Your objective
Transcribe every line of the material below without change, apart from dropping the pictures.
══ Stored data ══
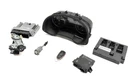 18 Audi Q3 8U 2.0L Turbo Ccta Speedometer Ecu Immobilizer Module Key Set (108K). Fixed Price $949.99.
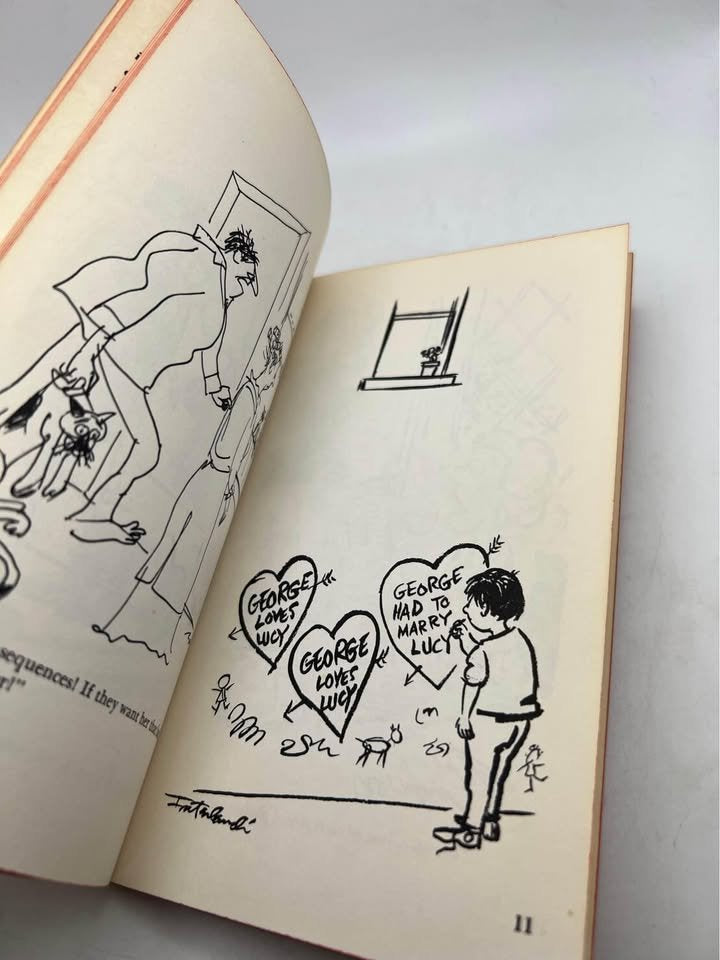 1968 Taboo by Charles M Preston Vintage Paperback Book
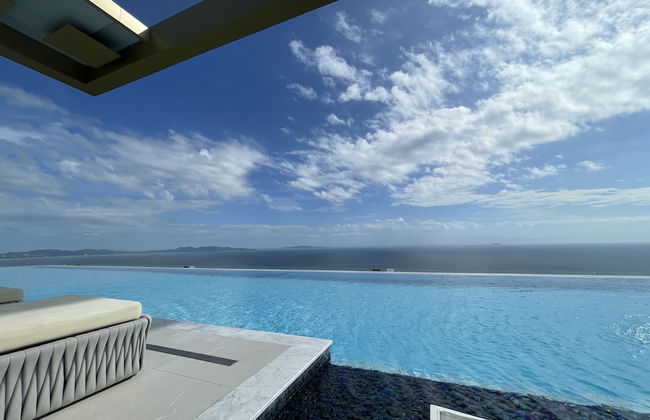 Copacabana Jomtien Beach Condo - Foto 63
═══
Exercise output
 18 Audi Q3 8U 2.0L Turbo Ccta Speedometer Ecu Immobilizer Module Key Set (108K). Fixed Price $949.99.
 1968 Taboo by Charles M Preston Vintage Paperback Book
 Copacabana Jomtien Beach Condo - Foto 63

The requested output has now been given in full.